Let $n>1$ be a positive integer, and let $f:\mathbb{R} \rightarrow \mathbb{R}$ be continuously differentiable on the interval $[1,n]$. I want to calculate an integral of the form
$$
\int _1^n\lfloor u \rfloor f'(u) \mathrm d u
$$
I realise that I can set upper and lower bounds on the integral by writing $\lfloor x \rfloor = x – \lbrace x \rbrace$. However, I am hoping to find a precise numerical solution. My approach has been to use integration by parts, writing
$$\int_1^n \lfloor u \rfloor f'(u) \mathrm d u = nf(n)-f(1)-\int_1^n f(v) \frac{\delta}{\delta v} \lfloor v \rfloor \mathrm d v$$
(whilst noting that $\lfloor n \rfloor=n$). Clearly, $\frac{\delta}{\delta v} \lfloor v\rfloor$ is undetermined or infinite at integer values of $v$. I have tried to get round this by observing that, for sufficiently small $\epsilon$,
$$
\begin{align}
\int_1^n f(v) \frac{\delta }{\delta v} \lfloor v \rfloor \mathrm d v &= \sum_{i=2}^n \int_{i-1}^i f(v) \frac{\delta}{\delta v} \lfloor v \rfloor \mathrm d v \\
&= \lim_{\epsilon \rightarrow 0^+} \sum_{i=2}^n \int_{i-1}^{i-\epsilon} f(v) \frac{\delta}{\delta v}\lfloor v \rfloor \mathrm d v
\end{align}
$$
Since $\frac{\delta }{\delta v }\lfloor v\rfloor = 0$ over each closed interval $[i-1,i-\epsilon]$, it follows that
$$\int_1^n f(v) \frac{\delta}{\delta v} \lfloor v \rfloor \mathrm d v = 0$$
But this is wrong. As an example, set $f(x) := \sqrt{x}$, so that
$$
\begin{align}
\int_1^n \lfloor u \rfloor f'(u) \mathrm d u &= \int_1^n \lfloor u \rfloor \frac{1}{2 \sqrt{u}} \mathrm d u \\
&= n \sqrt{n} – 1 – \int_1^n \sqrt{v} \frac{\delta}{\delta v} \lfloor v \rfloor \mathrm d v \\
&\overset{?}{=} n \sqrt{n} – 1 – 0
\end{align}
$$
The output from Mathematica instantly disproves this last equality (assuming it is calculating the integral correctly). So:
- What is wrong with this approach?
- Any suggestions for how to calculate the original integral (i.e., with $f$ undefined)?
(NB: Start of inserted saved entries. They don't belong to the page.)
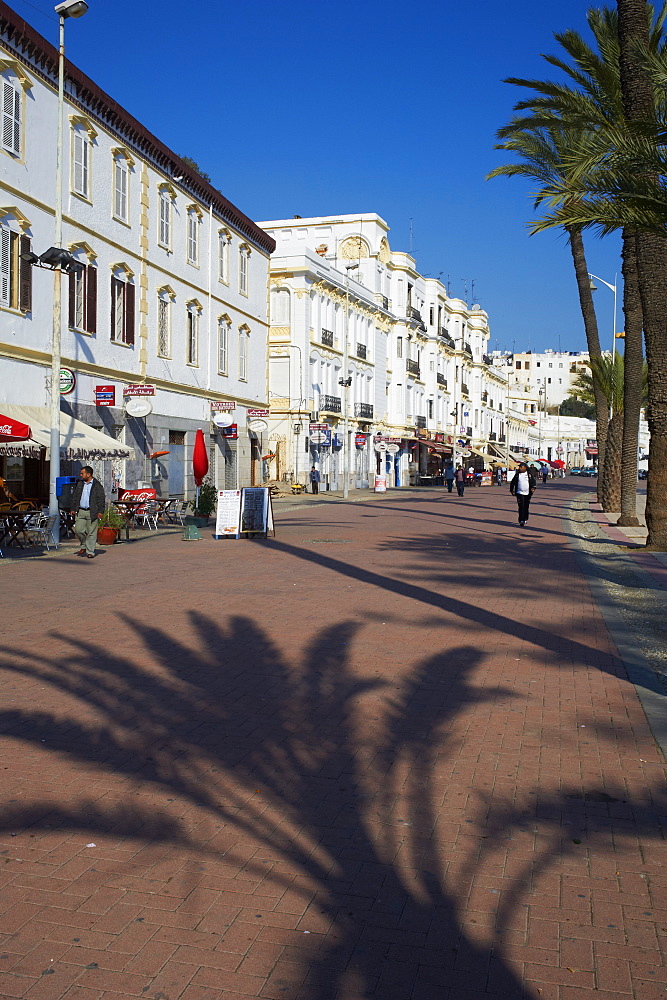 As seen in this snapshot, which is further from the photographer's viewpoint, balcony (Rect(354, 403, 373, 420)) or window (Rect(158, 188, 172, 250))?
balcony (Rect(354, 403, 373, 420))

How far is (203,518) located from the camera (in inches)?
1032

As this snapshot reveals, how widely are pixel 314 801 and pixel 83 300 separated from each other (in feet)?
69.6

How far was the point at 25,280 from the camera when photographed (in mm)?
21031

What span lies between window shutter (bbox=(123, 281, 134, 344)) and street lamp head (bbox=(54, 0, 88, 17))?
918cm

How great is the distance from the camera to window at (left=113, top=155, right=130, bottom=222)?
2584 centimetres

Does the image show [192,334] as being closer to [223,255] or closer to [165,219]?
[165,219]

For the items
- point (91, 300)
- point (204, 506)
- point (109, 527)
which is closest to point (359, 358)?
point (204, 506)

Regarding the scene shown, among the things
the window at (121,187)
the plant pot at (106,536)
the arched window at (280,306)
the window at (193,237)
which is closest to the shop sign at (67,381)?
the plant pot at (106,536)

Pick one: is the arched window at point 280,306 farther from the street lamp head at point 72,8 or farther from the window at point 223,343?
the street lamp head at point 72,8

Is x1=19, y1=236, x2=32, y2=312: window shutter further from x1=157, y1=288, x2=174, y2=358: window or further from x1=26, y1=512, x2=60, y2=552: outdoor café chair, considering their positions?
x1=157, y1=288, x2=174, y2=358: window

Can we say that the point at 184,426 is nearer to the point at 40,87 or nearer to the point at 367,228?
the point at 40,87

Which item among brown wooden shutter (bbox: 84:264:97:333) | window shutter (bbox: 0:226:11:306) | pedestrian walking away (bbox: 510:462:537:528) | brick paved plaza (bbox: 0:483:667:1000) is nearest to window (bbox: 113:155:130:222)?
brown wooden shutter (bbox: 84:264:97:333)

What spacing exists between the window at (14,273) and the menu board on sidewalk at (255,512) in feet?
21.7

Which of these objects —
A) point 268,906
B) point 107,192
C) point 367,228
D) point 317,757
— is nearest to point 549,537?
point 107,192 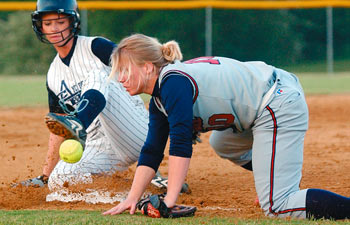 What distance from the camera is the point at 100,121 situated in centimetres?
386

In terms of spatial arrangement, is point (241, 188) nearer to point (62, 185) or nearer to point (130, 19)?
point (62, 185)

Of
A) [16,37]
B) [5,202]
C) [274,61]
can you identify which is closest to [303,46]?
[274,61]

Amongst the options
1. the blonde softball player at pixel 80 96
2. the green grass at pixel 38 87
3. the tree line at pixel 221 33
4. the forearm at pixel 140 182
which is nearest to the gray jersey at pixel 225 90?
the forearm at pixel 140 182

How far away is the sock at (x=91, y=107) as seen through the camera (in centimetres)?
331

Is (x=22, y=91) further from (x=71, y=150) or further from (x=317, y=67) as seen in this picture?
(x=71, y=150)

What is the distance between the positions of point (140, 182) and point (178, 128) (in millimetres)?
459

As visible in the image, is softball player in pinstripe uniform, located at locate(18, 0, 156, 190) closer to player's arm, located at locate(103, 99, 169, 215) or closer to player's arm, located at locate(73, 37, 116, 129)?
player's arm, located at locate(73, 37, 116, 129)

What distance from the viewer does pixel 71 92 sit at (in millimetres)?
3941

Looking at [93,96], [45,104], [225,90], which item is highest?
[225,90]

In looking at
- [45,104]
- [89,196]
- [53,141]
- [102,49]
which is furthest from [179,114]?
[45,104]

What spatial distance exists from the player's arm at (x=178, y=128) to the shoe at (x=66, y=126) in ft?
2.31

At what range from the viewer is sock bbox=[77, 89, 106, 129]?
10.9 ft

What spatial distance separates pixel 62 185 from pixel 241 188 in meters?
1.31

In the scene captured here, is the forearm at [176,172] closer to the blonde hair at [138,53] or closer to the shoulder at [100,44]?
the blonde hair at [138,53]
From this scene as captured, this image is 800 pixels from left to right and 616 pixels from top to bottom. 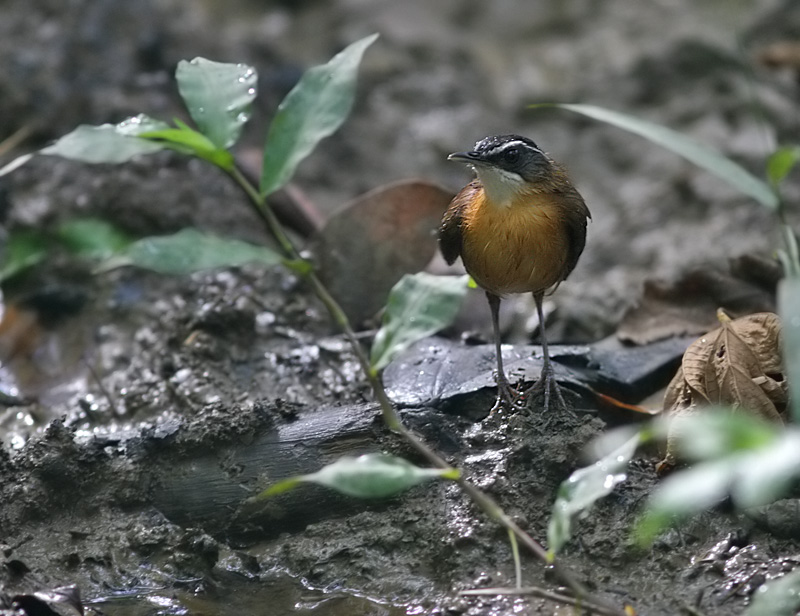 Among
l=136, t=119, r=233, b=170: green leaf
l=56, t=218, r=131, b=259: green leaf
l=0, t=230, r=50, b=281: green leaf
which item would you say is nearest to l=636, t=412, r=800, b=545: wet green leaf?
l=136, t=119, r=233, b=170: green leaf

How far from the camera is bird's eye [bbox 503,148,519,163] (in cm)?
458

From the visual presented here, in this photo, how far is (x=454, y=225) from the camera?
4.77 meters

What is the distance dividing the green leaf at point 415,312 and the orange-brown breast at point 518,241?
4.17 feet

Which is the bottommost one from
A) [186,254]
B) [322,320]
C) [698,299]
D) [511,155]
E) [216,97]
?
[322,320]

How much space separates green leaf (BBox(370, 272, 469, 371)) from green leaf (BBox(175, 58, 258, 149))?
772mm

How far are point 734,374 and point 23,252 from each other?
4.23 m

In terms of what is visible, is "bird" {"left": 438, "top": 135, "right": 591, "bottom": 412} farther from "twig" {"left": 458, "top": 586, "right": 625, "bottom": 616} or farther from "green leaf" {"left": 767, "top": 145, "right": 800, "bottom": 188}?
"green leaf" {"left": 767, "top": 145, "right": 800, "bottom": 188}

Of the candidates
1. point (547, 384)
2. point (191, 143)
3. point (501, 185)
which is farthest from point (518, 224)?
point (191, 143)

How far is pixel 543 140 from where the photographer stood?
27.6 ft

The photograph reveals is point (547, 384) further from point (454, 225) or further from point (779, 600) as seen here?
point (779, 600)

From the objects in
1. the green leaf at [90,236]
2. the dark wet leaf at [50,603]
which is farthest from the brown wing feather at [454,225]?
the dark wet leaf at [50,603]

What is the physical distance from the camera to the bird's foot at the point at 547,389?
4.42 metres

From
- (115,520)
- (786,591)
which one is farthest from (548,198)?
(115,520)

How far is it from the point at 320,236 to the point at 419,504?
7.84 ft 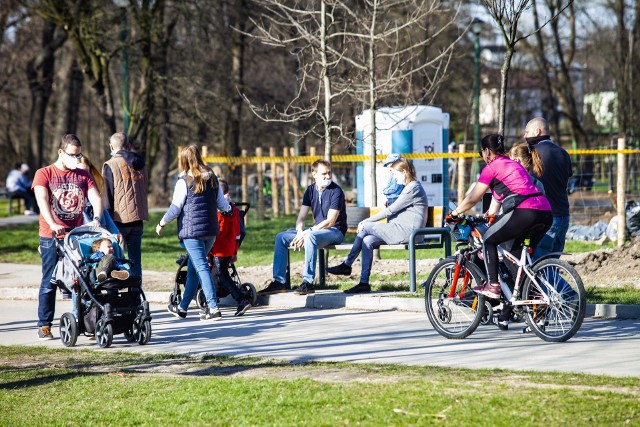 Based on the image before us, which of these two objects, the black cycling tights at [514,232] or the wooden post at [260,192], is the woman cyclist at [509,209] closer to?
the black cycling tights at [514,232]

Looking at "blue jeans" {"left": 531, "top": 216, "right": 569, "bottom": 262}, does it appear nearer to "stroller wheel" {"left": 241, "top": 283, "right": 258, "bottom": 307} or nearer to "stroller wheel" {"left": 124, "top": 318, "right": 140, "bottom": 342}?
"stroller wheel" {"left": 241, "top": 283, "right": 258, "bottom": 307}

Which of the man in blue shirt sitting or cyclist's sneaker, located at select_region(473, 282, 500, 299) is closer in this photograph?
cyclist's sneaker, located at select_region(473, 282, 500, 299)

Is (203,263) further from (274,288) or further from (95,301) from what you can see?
(95,301)

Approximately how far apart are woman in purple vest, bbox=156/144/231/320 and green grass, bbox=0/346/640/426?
3.09 m

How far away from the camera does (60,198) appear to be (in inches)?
406

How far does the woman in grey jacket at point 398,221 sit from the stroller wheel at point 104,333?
3.75m

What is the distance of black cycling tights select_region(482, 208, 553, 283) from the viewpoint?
30.8 ft

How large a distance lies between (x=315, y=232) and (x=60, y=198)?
3.48 meters

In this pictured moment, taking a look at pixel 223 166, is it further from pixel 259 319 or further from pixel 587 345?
pixel 587 345

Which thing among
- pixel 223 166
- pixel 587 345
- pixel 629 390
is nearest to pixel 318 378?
pixel 629 390

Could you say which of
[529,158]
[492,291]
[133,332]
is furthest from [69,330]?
[529,158]

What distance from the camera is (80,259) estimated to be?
998 cm

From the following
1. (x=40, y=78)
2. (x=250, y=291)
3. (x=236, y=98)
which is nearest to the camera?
(x=250, y=291)

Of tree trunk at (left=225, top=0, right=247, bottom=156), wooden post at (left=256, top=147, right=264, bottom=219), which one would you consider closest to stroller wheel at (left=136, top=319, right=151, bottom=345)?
wooden post at (left=256, top=147, right=264, bottom=219) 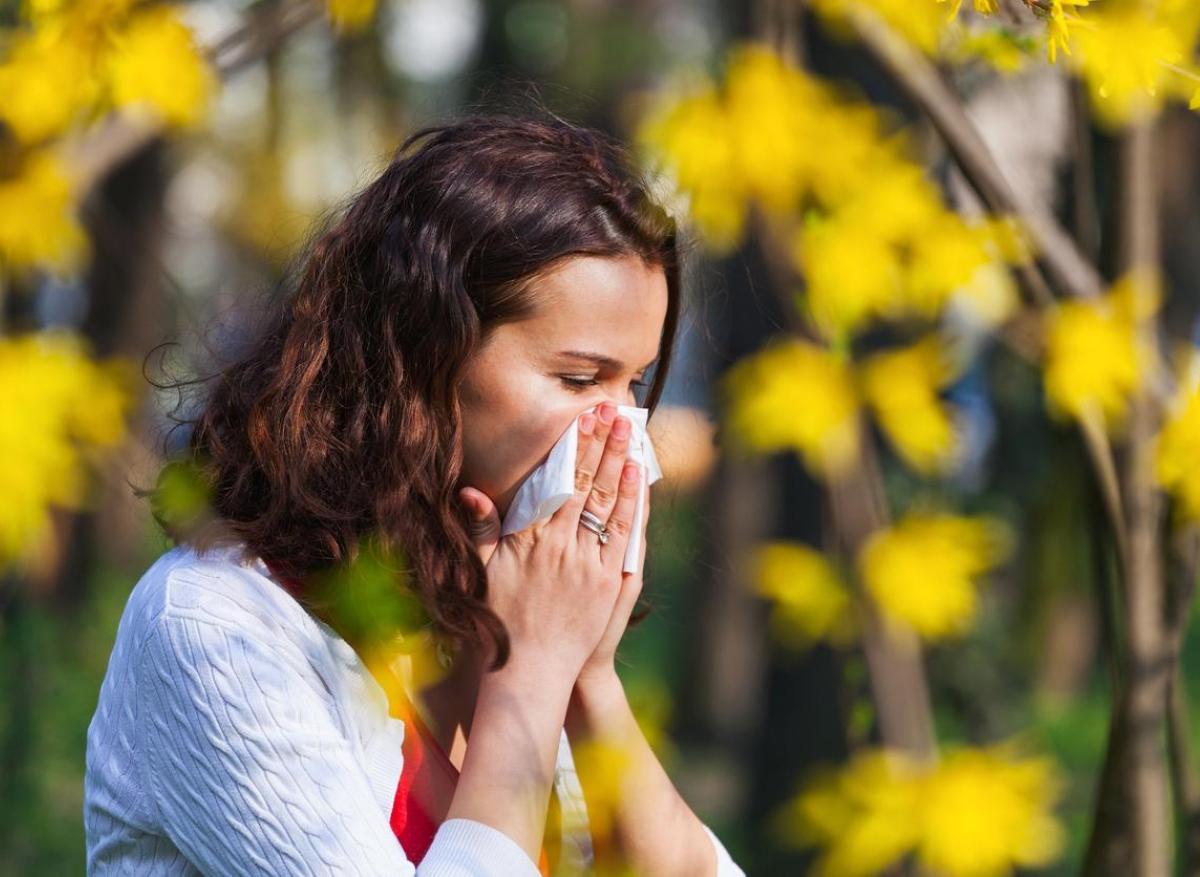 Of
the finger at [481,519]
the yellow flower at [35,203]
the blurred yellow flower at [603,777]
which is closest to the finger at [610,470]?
the finger at [481,519]

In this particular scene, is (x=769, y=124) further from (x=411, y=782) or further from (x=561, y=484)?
(x=411, y=782)

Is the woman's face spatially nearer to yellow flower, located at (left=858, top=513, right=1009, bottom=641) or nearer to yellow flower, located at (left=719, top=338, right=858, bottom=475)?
yellow flower, located at (left=719, top=338, right=858, bottom=475)

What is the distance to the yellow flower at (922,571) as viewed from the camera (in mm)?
2650

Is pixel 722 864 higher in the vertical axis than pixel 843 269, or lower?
lower

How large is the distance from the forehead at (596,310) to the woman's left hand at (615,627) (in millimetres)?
145

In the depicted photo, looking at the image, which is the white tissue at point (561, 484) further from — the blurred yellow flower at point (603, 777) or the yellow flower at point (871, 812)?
the yellow flower at point (871, 812)

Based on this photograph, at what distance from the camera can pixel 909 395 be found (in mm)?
2633

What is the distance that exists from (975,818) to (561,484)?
46.5 inches

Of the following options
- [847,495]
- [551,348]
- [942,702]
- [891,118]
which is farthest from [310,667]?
[942,702]

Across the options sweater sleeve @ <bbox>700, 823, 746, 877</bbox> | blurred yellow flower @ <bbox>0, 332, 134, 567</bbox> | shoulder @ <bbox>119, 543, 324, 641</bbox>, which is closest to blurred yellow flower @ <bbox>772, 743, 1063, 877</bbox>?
sweater sleeve @ <bbox>700, 823, 746, 877</bbox>

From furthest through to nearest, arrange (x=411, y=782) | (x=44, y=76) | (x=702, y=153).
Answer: (x=702, y=153)
(x=44, y=76)
(x=411, y=782)

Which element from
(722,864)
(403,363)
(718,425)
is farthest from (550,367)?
(718,425)

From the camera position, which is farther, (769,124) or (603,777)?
(769,124)

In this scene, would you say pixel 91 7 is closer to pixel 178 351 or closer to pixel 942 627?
pixel 178 351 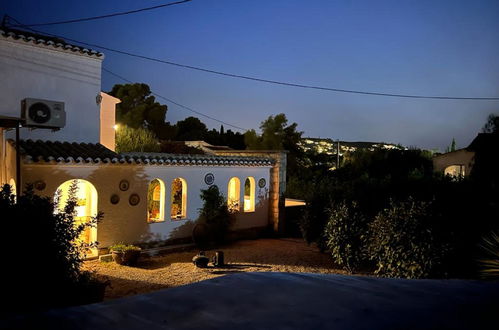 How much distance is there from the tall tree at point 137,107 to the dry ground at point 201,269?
19.6 meters

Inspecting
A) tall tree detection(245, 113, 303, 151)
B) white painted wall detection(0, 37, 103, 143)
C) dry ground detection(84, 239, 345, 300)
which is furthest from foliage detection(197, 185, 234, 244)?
tall tree detection(245, 113, 303, 151)

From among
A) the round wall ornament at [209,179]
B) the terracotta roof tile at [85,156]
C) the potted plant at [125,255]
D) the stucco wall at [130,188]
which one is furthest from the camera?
the round wall ornament at [209,179]

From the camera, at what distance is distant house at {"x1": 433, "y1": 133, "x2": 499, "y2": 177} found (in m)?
17.3

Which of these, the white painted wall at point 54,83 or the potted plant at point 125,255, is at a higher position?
the white painted wall at point 54,83

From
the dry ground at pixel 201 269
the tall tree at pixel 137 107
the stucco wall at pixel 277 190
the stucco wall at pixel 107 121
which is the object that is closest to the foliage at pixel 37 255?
the dry ground at pixel 201 269

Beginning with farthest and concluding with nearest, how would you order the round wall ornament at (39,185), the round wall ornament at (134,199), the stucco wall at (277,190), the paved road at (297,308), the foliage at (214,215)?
the stucco wall at (277,190)
the foliage at (214,215)
the round wall ornament at (134,199)
the round wall ornament at (39,185)
the paved road at (297,308)

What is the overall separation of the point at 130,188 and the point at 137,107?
2042cm

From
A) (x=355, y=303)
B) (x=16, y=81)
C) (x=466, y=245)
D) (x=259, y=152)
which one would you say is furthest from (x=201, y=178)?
(x=355, y=303)

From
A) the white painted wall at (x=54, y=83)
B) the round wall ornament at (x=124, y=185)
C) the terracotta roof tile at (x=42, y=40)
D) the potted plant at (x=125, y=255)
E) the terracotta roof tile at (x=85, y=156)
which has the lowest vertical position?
the potted plant at (x=125, y=255)

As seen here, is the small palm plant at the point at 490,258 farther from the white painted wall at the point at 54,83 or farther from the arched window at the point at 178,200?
the white painted wall at the point at 54,83

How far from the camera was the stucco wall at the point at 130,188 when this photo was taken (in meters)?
10.4

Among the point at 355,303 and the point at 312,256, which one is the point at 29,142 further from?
the point at 355,303

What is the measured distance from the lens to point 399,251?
29.0ft

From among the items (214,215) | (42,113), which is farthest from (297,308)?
(214,215) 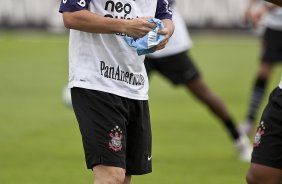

Or do I have to content myself with finding upper and lower limits?
Best Answer
$\int_1^{n} \lfloor u \rfloor f'(u)du=\sum\limits_{k=1}^{n-1}\int_k^{k+1} \lfloor u \rfloor f'(u)du=\sum\limits_{k=1}^{n-1}\int_k^{k+1} k f'(u)du=\sum\limits_{k=1}^{n-1}k[f(k+1)-f(k)]$.
This can also be written as $(n-1)f(n)-[f(1)+f(2)+\cdots+f(n-1)]$.